Input data:
+ + + + + + +
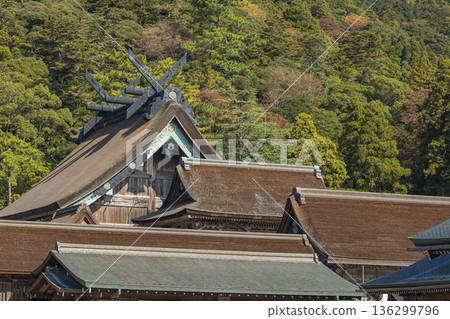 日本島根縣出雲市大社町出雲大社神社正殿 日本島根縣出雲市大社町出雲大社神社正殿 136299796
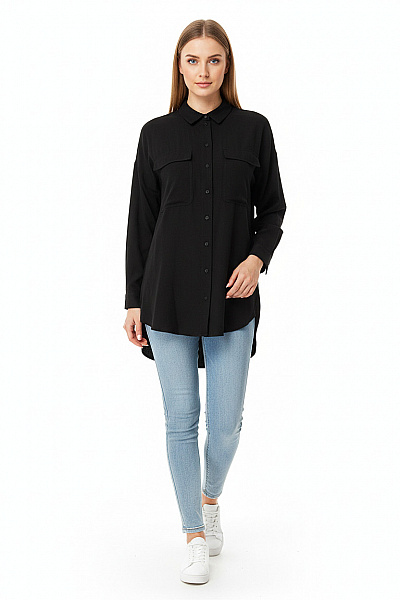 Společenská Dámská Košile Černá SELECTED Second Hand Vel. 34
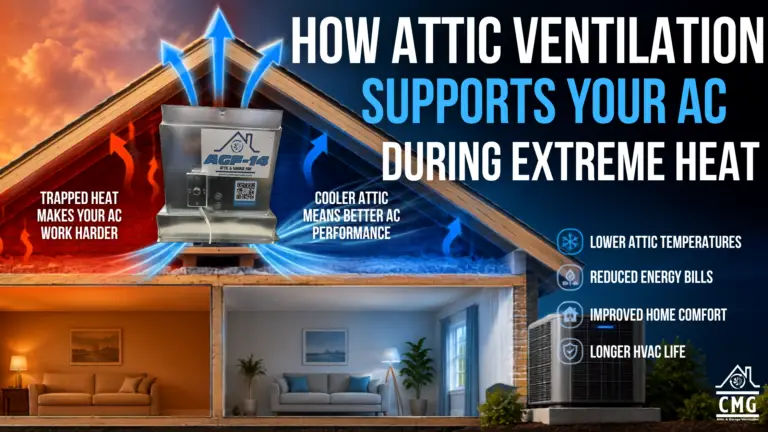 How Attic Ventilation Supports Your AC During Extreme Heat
+ + + + + + +
Your task:
Please output the full listing above exactly, minus any pictures.

Answer to this task:
 日本島根縣出雲市大社町出雲大社神社正殿 日本島根縣出雲市大社町出雲大社神社正殿 136299796
 Společenská Dámská Košile Černá SELECTED Second Hand Vel. 34
 How Attic Ventilation Supports Your AC During Extreme Heat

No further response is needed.